● **Exercise**: The answer must be every line of the records below that holds the word "Short".

═════ Material shown ═════

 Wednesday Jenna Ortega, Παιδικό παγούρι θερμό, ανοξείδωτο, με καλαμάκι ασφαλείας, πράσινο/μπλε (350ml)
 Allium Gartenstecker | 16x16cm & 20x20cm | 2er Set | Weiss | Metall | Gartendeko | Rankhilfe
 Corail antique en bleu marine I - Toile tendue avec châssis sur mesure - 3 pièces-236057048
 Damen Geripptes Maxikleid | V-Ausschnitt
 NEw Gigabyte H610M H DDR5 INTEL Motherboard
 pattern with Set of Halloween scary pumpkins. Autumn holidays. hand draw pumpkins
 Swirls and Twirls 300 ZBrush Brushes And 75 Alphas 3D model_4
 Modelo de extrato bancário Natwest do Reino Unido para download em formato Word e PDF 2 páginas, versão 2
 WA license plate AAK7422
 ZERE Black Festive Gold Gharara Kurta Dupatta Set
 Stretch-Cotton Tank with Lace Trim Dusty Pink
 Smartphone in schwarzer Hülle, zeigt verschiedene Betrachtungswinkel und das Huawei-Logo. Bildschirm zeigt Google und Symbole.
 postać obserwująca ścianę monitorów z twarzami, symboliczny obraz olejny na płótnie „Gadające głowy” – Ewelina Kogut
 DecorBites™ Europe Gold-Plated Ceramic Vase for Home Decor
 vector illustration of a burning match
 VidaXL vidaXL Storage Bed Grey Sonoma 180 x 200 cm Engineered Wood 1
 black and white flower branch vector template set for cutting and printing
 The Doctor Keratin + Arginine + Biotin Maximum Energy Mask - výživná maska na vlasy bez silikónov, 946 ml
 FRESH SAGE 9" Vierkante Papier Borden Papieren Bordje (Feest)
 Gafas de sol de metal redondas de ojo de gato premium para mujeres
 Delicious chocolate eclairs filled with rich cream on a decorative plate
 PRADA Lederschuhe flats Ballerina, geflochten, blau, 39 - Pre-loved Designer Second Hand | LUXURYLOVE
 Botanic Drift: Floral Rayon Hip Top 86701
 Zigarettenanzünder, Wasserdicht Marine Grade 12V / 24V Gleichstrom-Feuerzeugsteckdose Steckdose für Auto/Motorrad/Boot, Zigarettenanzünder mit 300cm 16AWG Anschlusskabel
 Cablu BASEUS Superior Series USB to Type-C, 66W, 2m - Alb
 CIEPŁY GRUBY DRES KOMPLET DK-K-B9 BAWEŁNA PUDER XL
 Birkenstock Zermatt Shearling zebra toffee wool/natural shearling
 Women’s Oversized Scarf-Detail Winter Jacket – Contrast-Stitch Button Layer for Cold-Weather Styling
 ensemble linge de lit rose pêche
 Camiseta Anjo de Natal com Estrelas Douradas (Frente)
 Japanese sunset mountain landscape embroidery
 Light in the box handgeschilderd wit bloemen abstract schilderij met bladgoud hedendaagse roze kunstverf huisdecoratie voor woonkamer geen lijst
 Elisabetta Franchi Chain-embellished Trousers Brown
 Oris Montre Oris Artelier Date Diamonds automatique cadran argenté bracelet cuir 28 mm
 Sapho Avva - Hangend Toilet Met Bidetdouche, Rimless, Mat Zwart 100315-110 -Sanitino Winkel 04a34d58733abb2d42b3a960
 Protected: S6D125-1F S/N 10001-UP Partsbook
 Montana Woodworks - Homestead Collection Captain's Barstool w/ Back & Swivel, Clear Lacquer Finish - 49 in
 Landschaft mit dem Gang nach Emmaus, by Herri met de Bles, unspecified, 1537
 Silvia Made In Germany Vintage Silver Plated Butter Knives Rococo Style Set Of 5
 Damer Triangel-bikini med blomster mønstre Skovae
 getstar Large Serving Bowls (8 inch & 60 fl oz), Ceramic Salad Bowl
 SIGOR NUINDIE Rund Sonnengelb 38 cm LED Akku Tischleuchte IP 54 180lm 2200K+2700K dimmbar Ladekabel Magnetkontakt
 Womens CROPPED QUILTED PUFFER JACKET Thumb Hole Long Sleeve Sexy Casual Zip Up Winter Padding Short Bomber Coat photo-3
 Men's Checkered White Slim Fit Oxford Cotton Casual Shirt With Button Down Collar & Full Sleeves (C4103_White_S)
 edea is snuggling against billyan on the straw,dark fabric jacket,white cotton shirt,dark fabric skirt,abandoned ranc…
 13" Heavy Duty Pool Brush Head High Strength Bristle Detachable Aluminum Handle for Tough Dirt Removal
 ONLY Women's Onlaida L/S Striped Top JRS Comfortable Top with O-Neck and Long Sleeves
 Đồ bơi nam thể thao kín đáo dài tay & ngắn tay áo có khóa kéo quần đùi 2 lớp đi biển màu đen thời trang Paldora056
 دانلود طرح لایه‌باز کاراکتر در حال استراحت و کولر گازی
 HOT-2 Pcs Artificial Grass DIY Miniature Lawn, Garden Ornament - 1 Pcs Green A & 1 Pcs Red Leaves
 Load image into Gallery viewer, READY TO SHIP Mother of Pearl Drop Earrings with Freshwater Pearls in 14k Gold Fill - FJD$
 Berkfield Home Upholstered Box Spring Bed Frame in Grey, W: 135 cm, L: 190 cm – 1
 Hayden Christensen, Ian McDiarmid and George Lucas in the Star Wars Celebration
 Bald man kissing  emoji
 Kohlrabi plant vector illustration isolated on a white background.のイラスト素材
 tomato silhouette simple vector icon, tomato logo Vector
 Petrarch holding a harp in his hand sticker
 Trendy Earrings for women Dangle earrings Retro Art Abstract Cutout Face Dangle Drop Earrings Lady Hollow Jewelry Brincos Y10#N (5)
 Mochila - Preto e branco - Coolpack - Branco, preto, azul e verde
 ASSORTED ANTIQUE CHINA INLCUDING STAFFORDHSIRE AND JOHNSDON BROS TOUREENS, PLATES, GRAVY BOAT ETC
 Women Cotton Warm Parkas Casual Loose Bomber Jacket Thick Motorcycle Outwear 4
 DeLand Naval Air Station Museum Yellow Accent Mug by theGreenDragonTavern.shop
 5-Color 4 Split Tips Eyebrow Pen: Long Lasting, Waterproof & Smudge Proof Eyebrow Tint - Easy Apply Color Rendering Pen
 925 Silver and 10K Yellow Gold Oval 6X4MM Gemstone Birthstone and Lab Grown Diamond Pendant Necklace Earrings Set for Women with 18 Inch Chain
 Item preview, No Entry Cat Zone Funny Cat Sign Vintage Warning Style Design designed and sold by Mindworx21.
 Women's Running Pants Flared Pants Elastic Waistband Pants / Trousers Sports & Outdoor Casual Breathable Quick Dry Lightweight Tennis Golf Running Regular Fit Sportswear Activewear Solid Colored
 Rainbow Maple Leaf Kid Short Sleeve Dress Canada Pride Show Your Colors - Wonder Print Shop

═════

● **Exercise answer**:
 Womens CROPPED QUILTED PUFFER JACKET Thumb Hole Long Sleeve Sexy Casual Zip Up Winter Padding Short Bomber Coat photo-3
 Rainbow Maple Leaf Kid Short Sleeve Dress Canada Pride Show Your Colors - Wonder Print Shop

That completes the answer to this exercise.